Ceph - a long debug

Kalle Happonen

Geek. Product Owner @CSCfi

Hello again! Yet a longer time between posts, but at least my colleagues on https://pouta.blog.csc.fi are holding the fort!

Generic disclaimer: Ceph Hammer/Jewel, CentOS7

Most of the work was done by our Ceph team, yours truly was partially involved.

Background

We've been using Ceph for a long time, and it's been in production since Firefly. In general it's been working well. Of course we've hit our share of issues, but it's been solid as a whole.

This post is about one specific hard to debug issue. Storage problems are sometimes notoriously difficult to pin down, and this was no exception.

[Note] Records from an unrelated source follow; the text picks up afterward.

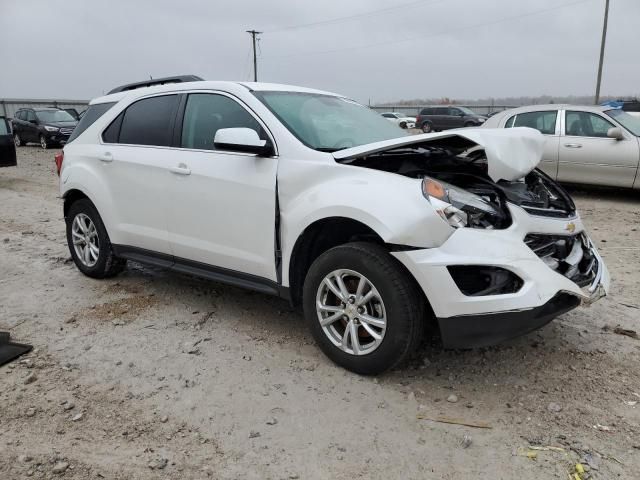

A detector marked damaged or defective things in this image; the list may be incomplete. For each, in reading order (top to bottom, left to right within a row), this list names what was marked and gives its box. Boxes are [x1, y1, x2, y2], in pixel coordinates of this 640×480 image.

crumpled hood [336, 126, 544, 181]
broken headlight [422, 176, 508, 229]
damaged front bumper [390, 203, 608, 348]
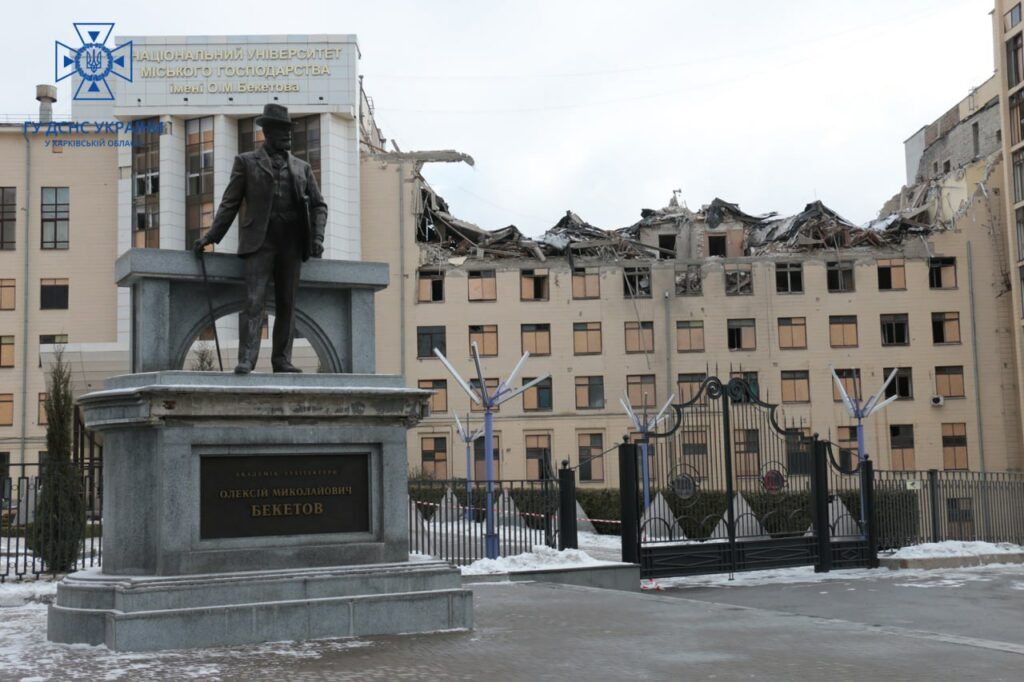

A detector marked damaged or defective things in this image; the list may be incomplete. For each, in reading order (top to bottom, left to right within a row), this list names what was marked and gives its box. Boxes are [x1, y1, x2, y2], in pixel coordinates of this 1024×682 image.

broken window [659, 231, 675, 258]
broken window [708, 232, 724, 256]
broken window [415, 270, 444, 301]
broken window [468, 270, 495, 301]
broken window [524, 268, 548, 301]
broken window [569, 266, 598, 296]
broken window [618, 266, 651, 296]
broken window [671, 262, 704, 294]
damaged building [366, 79, 1024, 483]
broken window [724, 262, 757, 294]
broken window [778, 261, 802, 290]
broken window [823, 260, 856, 292]
broken window [876, 258, 909, 288]
broken window [929, 254, 958, 286]
broken window [417, 327, 446, 358]
broken window [468, 323, 497, 356]
broken window [520, 323, 552, 356]
broken window [573, 319, 602, 352]
broken window [622, 319, 655, 350]
broken window [675, 319, 700, 350]
broken window [724, 319, 757, 350]
broken window [778, 317, 802, 348]
broken window [823, 313, 856, 346]
broken window [880, 313, 913, 346]
broken window [933, 313, 962, 346]
broken window [415, 374, 448, 411]
broken window [573, 374, 602, 405]
broken window [622, 374, 655, 405]
broken window [778, 372, 811, 403]
broken window [835, 368, 860, 401]
broken window [884, 366, 917, 399]
broken window [937, 366, 966, 399]
broken window [888, 421, 913, 471]
broken window [942, 421, 966, 471]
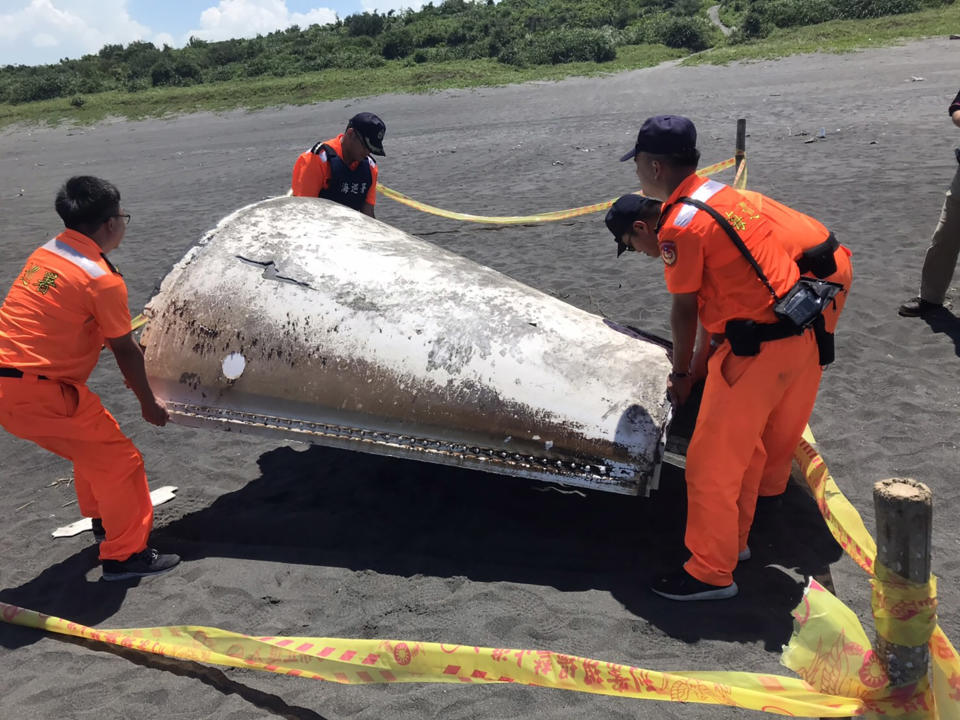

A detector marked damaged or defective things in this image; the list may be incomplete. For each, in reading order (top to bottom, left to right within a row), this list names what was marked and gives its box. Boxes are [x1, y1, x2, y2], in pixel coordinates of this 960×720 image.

corroded metal surface [142, 197, 672, 496]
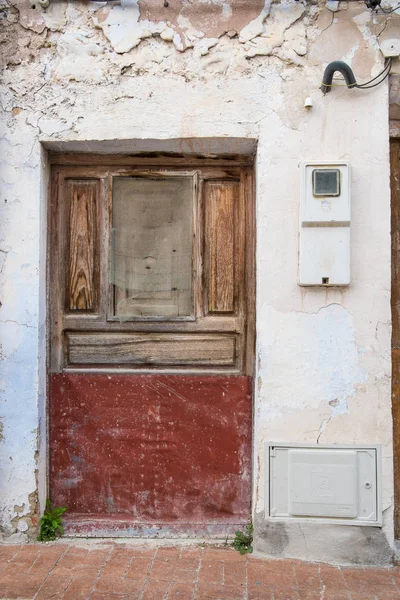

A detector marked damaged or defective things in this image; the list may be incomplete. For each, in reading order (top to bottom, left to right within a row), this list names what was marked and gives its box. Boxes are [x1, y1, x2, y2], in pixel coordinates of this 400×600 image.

rust stain on door [48, 376, 252, 536]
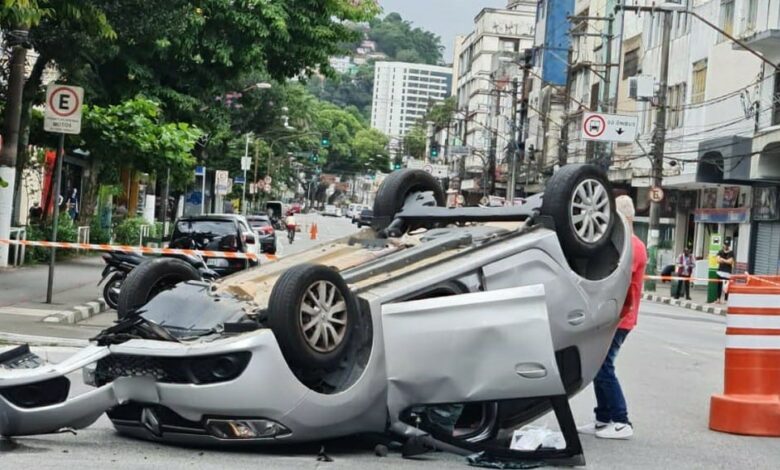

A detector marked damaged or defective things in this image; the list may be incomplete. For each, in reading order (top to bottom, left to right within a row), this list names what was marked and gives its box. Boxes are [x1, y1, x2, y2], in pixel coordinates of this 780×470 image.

exposed car wheel [372, 169, 444, 235]
exposed car wheel [540, 162, 612, 258]
exposed car wheel [102, 274, 123, 310]
exposed car wheel [117, 258, 201, 320]
exposed car wheel [266, 264, 356, 370]
overturned silver car [0, 164, 632, 466]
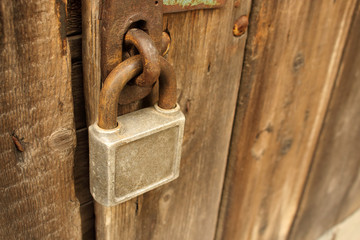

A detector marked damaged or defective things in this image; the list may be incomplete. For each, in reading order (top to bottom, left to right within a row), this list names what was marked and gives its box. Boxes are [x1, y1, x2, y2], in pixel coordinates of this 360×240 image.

rusty shackle [97, 55, 178, 129]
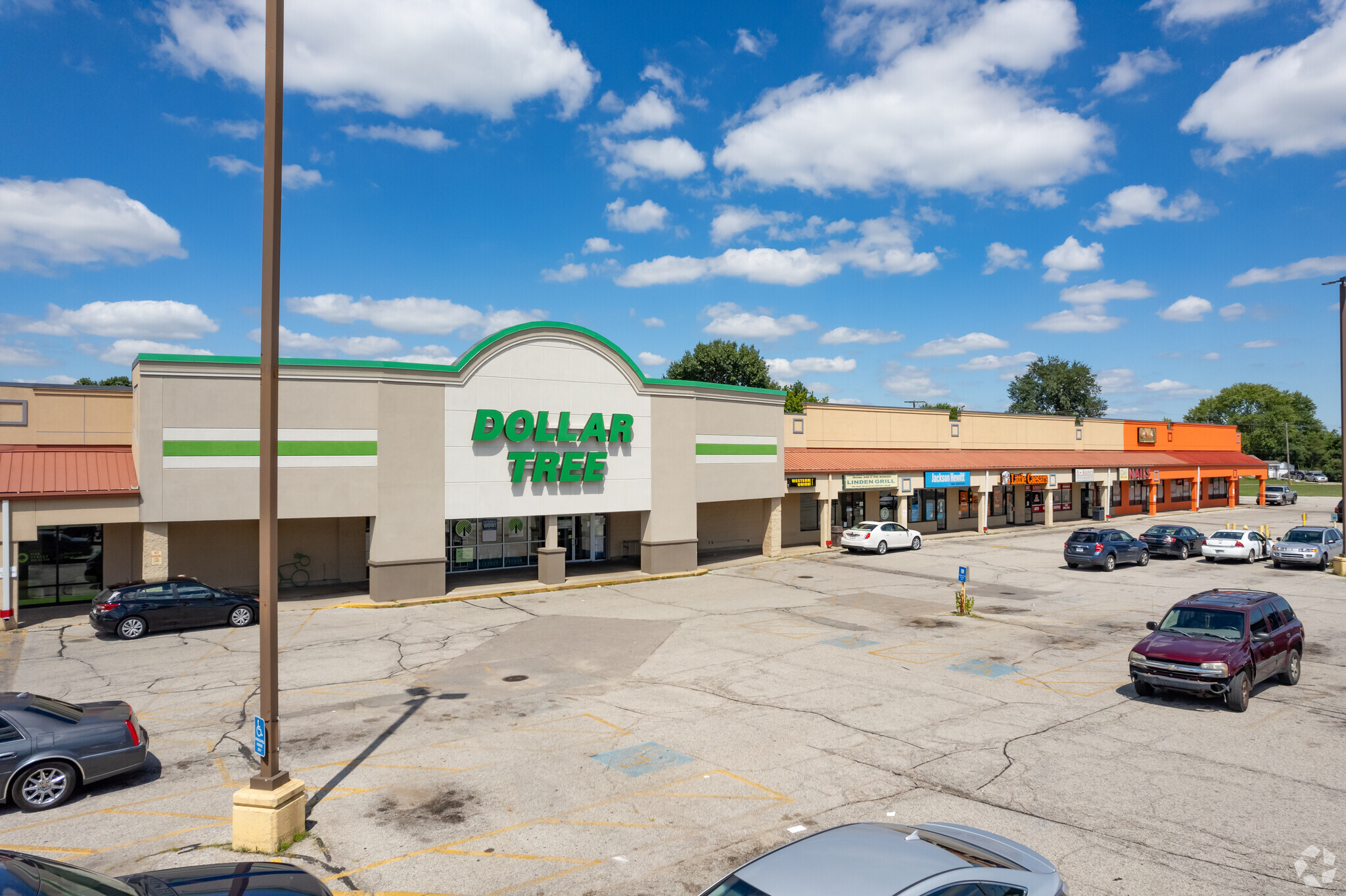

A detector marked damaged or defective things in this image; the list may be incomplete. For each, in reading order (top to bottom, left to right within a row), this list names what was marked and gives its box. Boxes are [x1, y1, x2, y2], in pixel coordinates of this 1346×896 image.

cracked asphalt pavement [11, 495, 1346, 893]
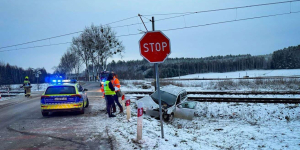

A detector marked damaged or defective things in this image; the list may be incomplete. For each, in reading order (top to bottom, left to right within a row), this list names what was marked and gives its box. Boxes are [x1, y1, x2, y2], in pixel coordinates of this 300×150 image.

damaged white car [139, 86, 199, 122]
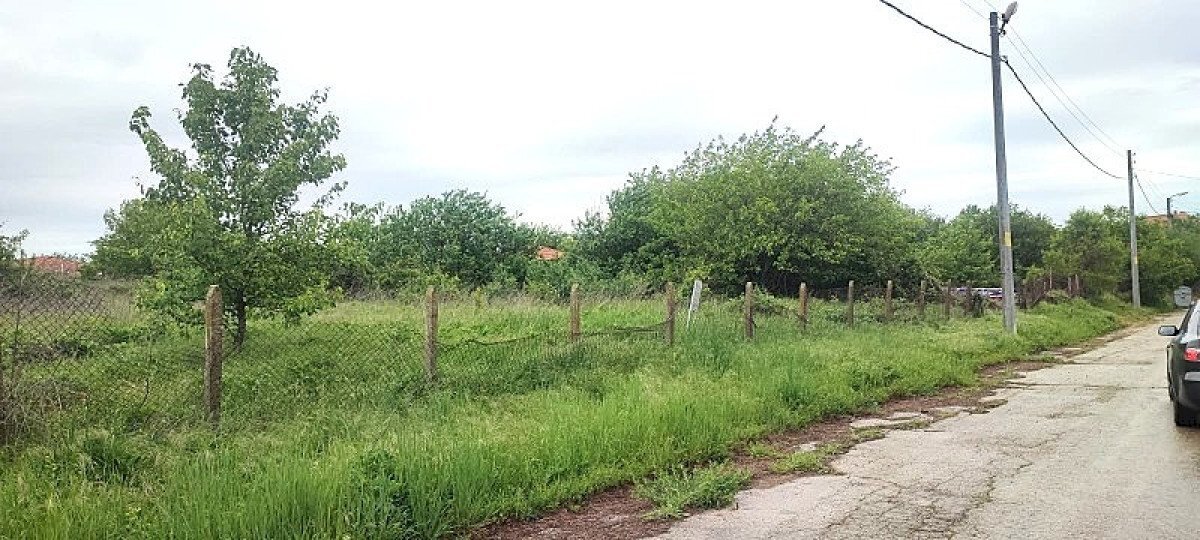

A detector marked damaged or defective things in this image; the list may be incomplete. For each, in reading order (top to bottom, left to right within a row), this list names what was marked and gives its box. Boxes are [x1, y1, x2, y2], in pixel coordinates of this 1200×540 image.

cracked asphalt [657, 316, 1200, 540]
patched road [657, 316, 1200, 540]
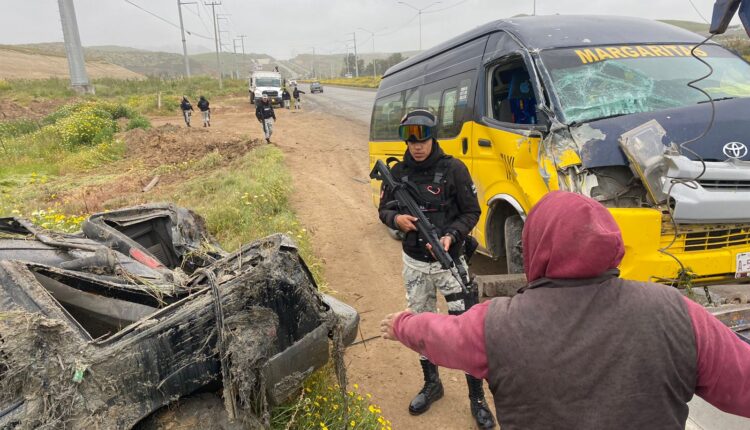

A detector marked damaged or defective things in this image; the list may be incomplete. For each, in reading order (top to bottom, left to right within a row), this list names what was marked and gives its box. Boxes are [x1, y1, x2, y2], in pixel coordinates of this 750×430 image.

damaged yellow van [370, 15, 750, 286]
wrecked dark vehicle [370, 15, 750, 286]
shattered windshield [544, 44, 750, 123]
broken car window [544, 44, 750, 123]
crumpled car hood [580, 97, 750, 168]
overturned car [0, 205, 360, 430]
wrecked dark vehicle [0, 203, 362, 428]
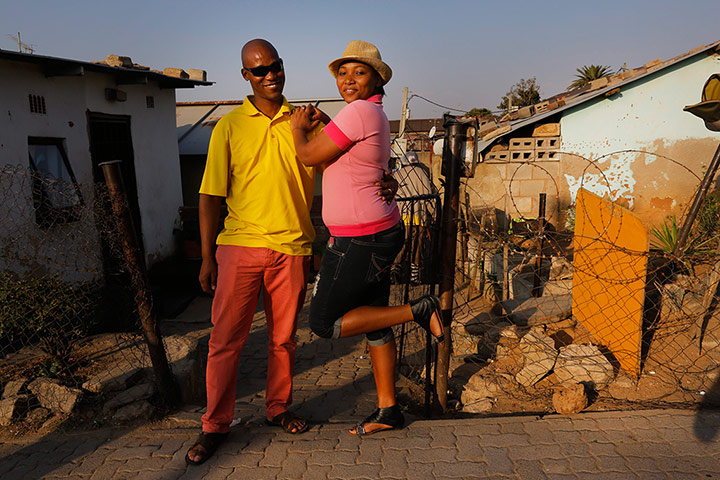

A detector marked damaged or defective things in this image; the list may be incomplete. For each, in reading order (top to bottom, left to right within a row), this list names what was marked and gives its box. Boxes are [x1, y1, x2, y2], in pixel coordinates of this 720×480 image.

rusty metal post [99, 160, 179, 404]
rusty metal post [436, 114, 470, 410]
rusty metal post [532, 192, 548, 296]
rusty metal post [672, 142, 720, 255]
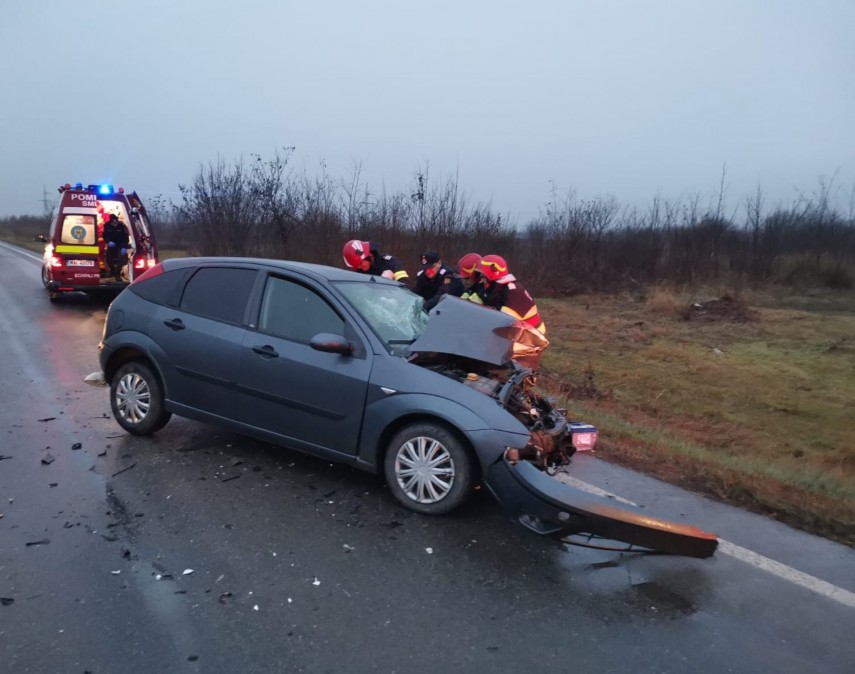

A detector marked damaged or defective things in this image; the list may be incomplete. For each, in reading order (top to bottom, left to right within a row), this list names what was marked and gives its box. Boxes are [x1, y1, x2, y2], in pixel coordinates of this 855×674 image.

shattered windshield [334, 280, 428, 354]
crumpled hood [408, 296, 548, 368]
severely damaged car [97, 258, 720, 556]
detached front bumper [484, 456, 720, 556]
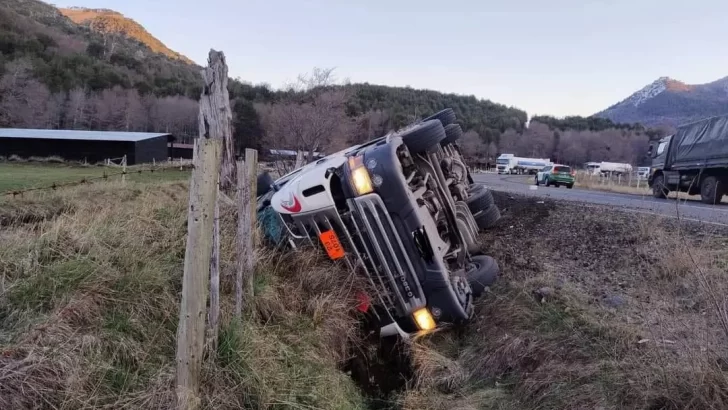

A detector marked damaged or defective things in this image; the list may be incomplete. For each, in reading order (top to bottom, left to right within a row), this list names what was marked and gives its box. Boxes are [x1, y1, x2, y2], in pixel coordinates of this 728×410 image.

crashed truck [255, 108, 500, 336]
overturned vehicle [258, 109, 504, 336]
crashed truck [648, 113, 728, 205]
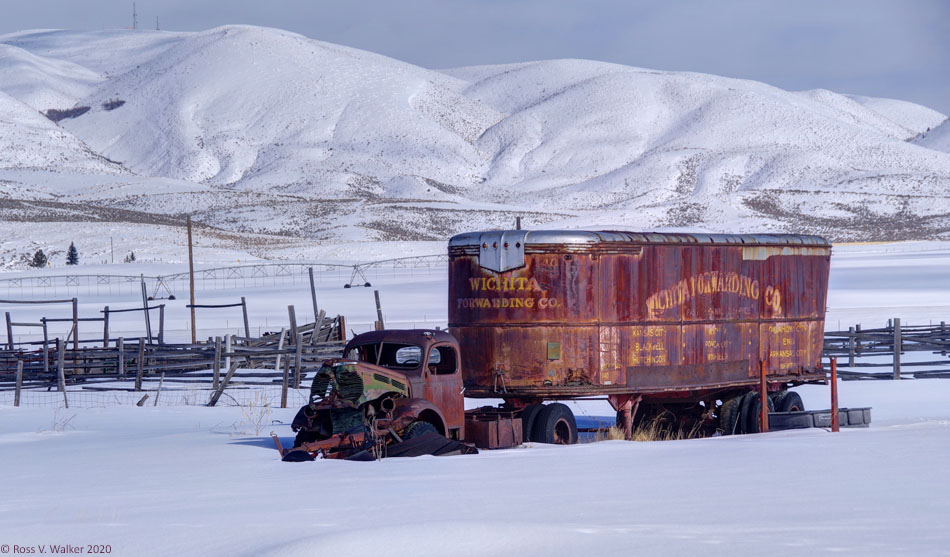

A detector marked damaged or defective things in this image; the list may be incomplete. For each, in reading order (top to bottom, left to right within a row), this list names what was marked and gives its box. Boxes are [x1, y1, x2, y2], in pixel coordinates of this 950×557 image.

rusty abandoned truck [284, 228, 832, 458]
rusted metal panel [450, 230, 828, 400]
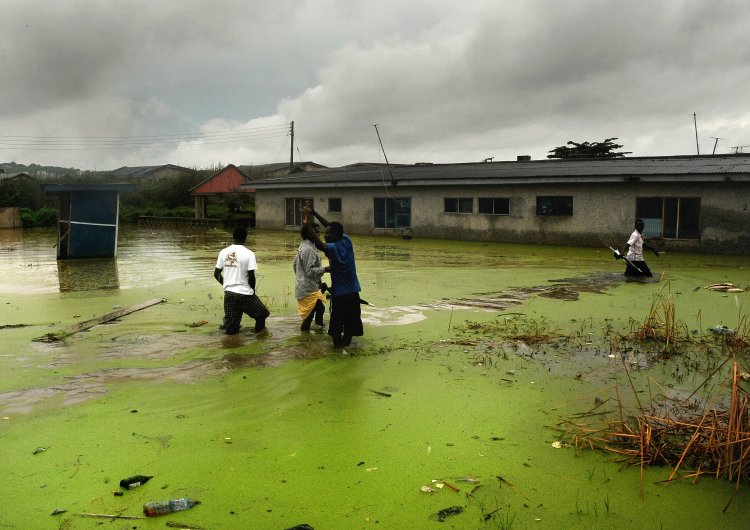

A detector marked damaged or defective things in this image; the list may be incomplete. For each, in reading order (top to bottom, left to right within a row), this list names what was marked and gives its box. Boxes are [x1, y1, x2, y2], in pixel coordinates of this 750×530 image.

Here's a list of keywords for search engines and your ctrl-f. Ceph slow writes, stalled writes, random performance drops, occasional stalls, few minute write stall

Symptoms

The symptoms of this problem were annoying to say the least, but hard to reproduce. I'm still not sure we're completely rid of them, but is has looked better for the last months.

Occasionally, the Ceph cluster would stall for sometimes a minute, sometimes 3, sometimes 5. It could happen once, or twice/three times in a row. It was clearly visible in the our graphs, and clearly seen on the customer side, but it was never long enough to properly debug, and left very little log trace.

The problem appeared once every few weeks, sometimes once or twice a week. It was random enough and short enough that it was really hard to debug. I think we have had this problem for a longer time, but because it has sometimes been even months between any issues, it's hard to tell.

We have decent monitoring using these excellent collectd modules. Using these we found that our cluster throughput just tanked. Basically no data in, no data out. The radosbench is run every minute to check latencies. These were usually missing when we had the issue, so not even radosbench got an answer. So at least it wasn't a problem with a specific pool.

Latency

Sadly the data has already been aggregated, and the granularity reduced, so I can't show the exact graphs, but here at least you see the more active period of the problem from February to May (and a few operator whoopsies after that). The latency peaks correlate with the missing latency reports which aren't visible in this granuarity.

On the client side, the Qemu logs were basically of just as little help as the Ceph logs. There were some timeouts with OSD connections, which I guess is normal if the cluster isn't answering. The connection timeouts were also spread out across OSDs, and didn't match up with specific OSDs or servers, no matter how much I wanted to see patterns to have something to blame.

Fixes?

We tried a lot of different things to fix this. Restart OSDs with high commit latencies (which are also visible in Grafana, it's great). Take some suspected possibly bad nodes offline. Make sure there is no network interference. Update Ceph. Tweak Ceph client/server configs. Turn off deep scrubbing. Turn on deep scrubbing. Turn off deep scrubbing again. This all took place over months while debugging efforts continued.

At some point we looked at our virtualized MON nodes. We saw the load rise on them occasionally, and some of the higher loads coincided with the slowdowns. Looking at it later, I think we saw patterns where there were none, there were also just as high loads without any problems.

Either way, based on the data we threw some more CPU and memory at the MON VMs, and rebooted them. I would like to say Boom! It got fixed. Due the random rare pattern of the problem it was more like

We haven't seen this problems in now three weeks. I think we did the monitor node fix around that time. Maybe it helped?

I'm also not sure if it was the additional resources that helped, or simply rebooting the nodes after a long uptime.

Now?

We've had a few months now without this exact problem. So I think it might be fixed. It might come back after a long monitor node uptime, or it might be gone forever. Most likely we'll see the same symptoms at some point, and think it's the same case, while it might be something else.

The best case is that someone as desperate as I reads this blog post, reboots their MON nodes and solves the issue in a a week instead of months (and sends me a beer over the internet).